Alto y espigado como era, aparentaba todavía más su condición de hombre. Tenía pelos por toda la barba y bigote que se ocupaba de rasurar cada dos o tres días. Una melena espesa –a la que tampoco le permitía crecer demasiado tiempo– le cubría como un almohadón carbonizado su cabeza de niño. Su voz ya madura no se defendía en el lenguaje fluido y común del resto de las gentes. Simplemente era especial, y solo quienes lo queríamos éramos dignos de entenderlo cada vez que abría la boca.   

Francisquito podría ser para muchos un fraude de la humanidad, un dudoso experimento habitando la madurez de adulto desde una inocente y eterna cortina de infancia. ¡Cómo debían de doler los golpes del rechazo, las risas estúpidas de los más cobardes, el bombardeo de la burla dale que te pego día sí día también! Saber que mi hermano y el hermano de la hija de Nina eran casi de su misma quinta y que jamás lo invitaron a jugar al tenis ni a salir a hacer el indio con las bicis al cercado abandonado de don Pedro Simón.

Él era un solitario al que nunca le conocí un amigo más que su propia madre y su padre; las únicas éramos nosotras, con las que siempre jugaba y discutía con cabezonería los disturbios del juego cuando había sospecha de trampas. Más de una vez nos dejó plantadas como yerba seca en medio de una partida de Base por tramposas. Abandonó el patio de cemento, saltó a la azotea y bajó corriendo las escaleras para perderse en ese cuarto misterioso que tenía para él solo, todo tan colmado de cables y lucesitas de colores que parpadeaban cuando conectaba no sé qué con no sé cuánto. Una habitación, ésa, llena de microuniversos eléctricos a la que apenas nos dejaba asomar la frente, ni un pasito de más. Él decía que por peligro, pero yo sé que era por pánico a que le alteráramos el orden impoluto en el que tenía organizado su mundo.  Ahí se le pasaban las horas y si había algún motivo alguna vez para rechazar nuestra invitación a jugar a Base, siempre siempre era por algo que tenía que ver con ese cuartito dichoso.

Pero lo más impresionante de todo era la impermeabilidad de Francisquito para los males del mundo. A él la burla le importaba menos que nada, de hecho, sus burlones eran unos fracasados que siempre se retiraban en estampida. Era inútil reírse de él porque lo que Francisquito conseguía sin hacer nada no lo conseguía nadie intentándolo todo: llenar de un ridículo humillante a los imbéciles y ahuyentarlos con el rabo entre las patas. Siempre en el más absoluto silencio. Siempre feliz y sanote, como decía mi madre. Así fue como aprendí yo la valentía del ser humano. Fueron las primeras –y las menos olvidadas– lecciones que viví de chica.

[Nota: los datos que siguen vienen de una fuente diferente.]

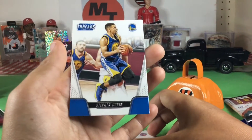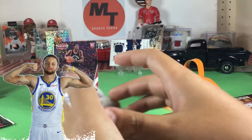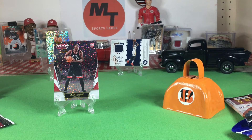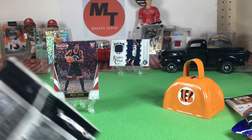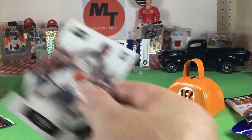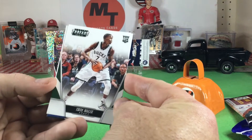Steph Curry? Kind of heard of him — rings a bell. He's won like a couple of championships, right? Old Steph. You just read Steph's book over the summer. I did. Did you like it? Eh — he's not a reader.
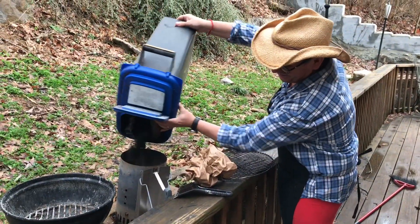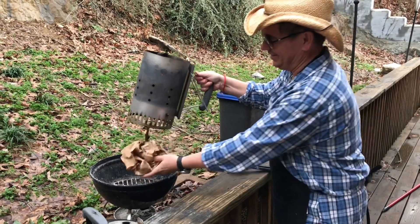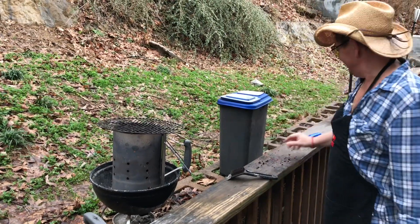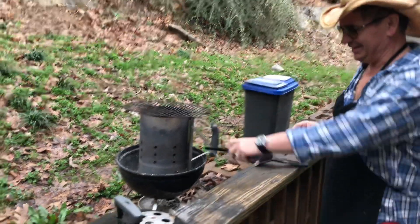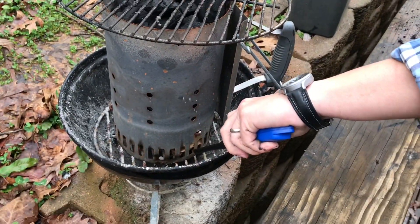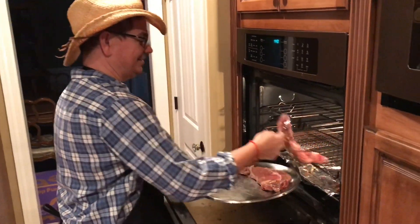Charcoal and chimney. Paper — this came from the bag of the Kingsford. We're gonna put that under there, put the grill on top, and then light the paper. Let it smoke there. 20 minutes, you pull them out and they should look something like this.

Ahora sé que formábamos un trío extraño, que para los ojos que no vivían en el barrio, vernos jugar a Base o vernos durante horas sentados en el borde de la azotea hablando de vete tú a saber qué mientras se llenaba el tanque con el agua de regar los plátanos, no era nada normal en nuestra infancia de niñas ni en su casi adultez de hombre. Y él lo sabía, porque había crecido y ya conocía las reglas del juego, pero le importaba un carajo bien grande, pues siempre antepuso la felicidad de vivir a las absurdeces del mundo: Francisquito vivía a corazón abierto.